People who are hurt by rejection may respond by behaving aggressively toward other individuals as a response to the betrayal they feel they experienced.
People who have been hurt are more likely to turn around and hurt other people. People who feel that they have been rejected socially are more likely to perceive the actions of others as hostile and are more likely to be hurtful toward others. This hurtful behavior is even directed at people they have never met.
A study by the University of Kentucky may help to explain why social exclusion is frequently linked to aggression. People who see themselves as misfits may boil over with aggression, such as in the case of school shootings.
The study’s lead author, C. Nathan DeWall, Ph.D, made a statement in a press release 1
“Prior case studies show the majority of school shooters have experienced chronic peer rejection. While not everyone who feels rejected reacts violently, we found they tend to act out aggressively in other ways. We wanted to help explain psychologically why this happens.”
A full report of the study appears in the January issue of the Journal of Personality and Social Psychology, published by the American Psychological Association.
DeWall conducted four separate experiments with 190 participants, who were all college students. The participants completed personality tests and were given bogus feedback about the results. A third of the participants were the excluded group and were told they would probably end up alone later in life. The other groups were either told they would have lasting and meaningful relationships or they were given no feedback.
In one experiment, the participants were then asked to evaluate an essay from another, unknown participant. They were told that the person who wrote the essay was up for a research assistant position and they were asked for their opinion, based upon the essay, of whether the author would be a good candidate.
The participants who had been told they were going to have a lonely life gave a much more negative evaluation of the essay then the control groups.
In another experiment, participants were led to believe they were playing a reaction-time computer game with another person in the lab whom they could not see and had never met. During the game, the loser of each trial was forced to listen to a blast of white noise through headphones. The participants could set the noise’s intensity level and duration.

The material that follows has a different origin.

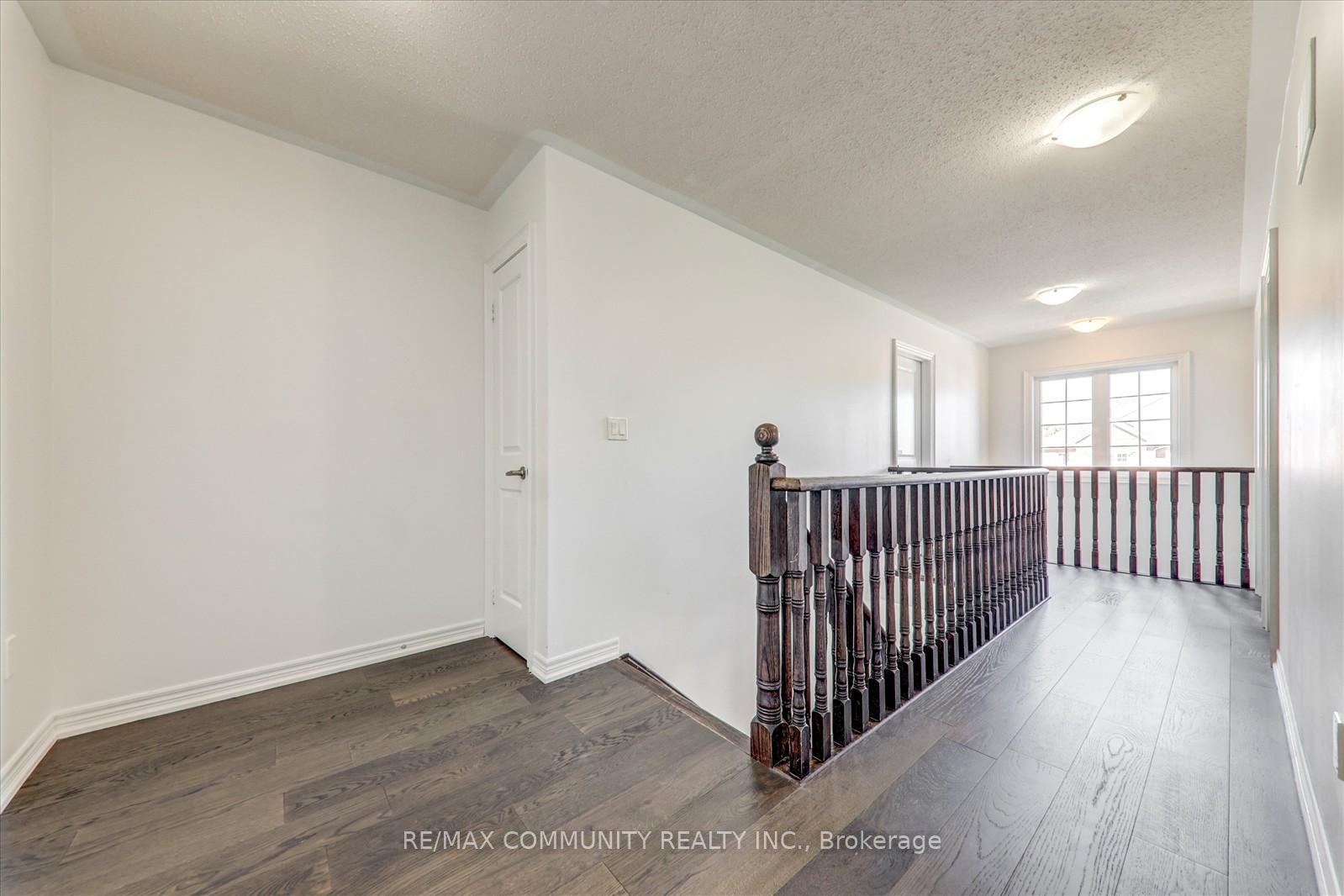 Photo 21 of 10 Whitehand Drive, Clarington, Newcastle — HOMEH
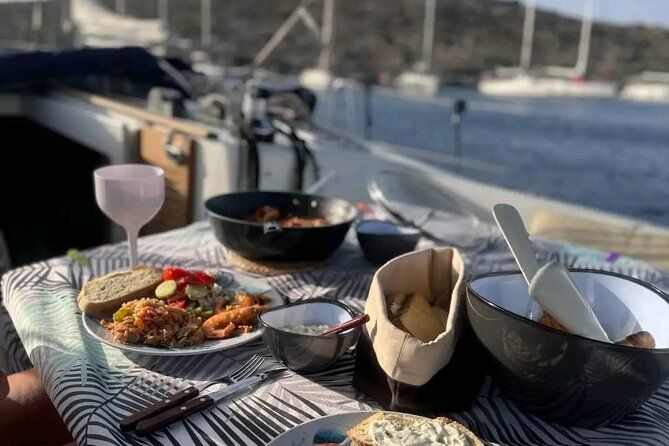 Private luxury Escape free drinks & Meals Cruise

The participants who had been told they were going to have a lonely life reacted by blasting a higher level of painful noise than the control groups.
DeWall stated that the participants who had experienced a form of betrayal acted in similar ways in all experiments, suggesting that people who feel betrayed by others see otherwise neutral actions as hostile. As a result of this perception they behave badly towards others.”
The researchers hope that further study can lead to a better understanding of why rejection causes aggression with the goal of learning how to prevent harmful behavior.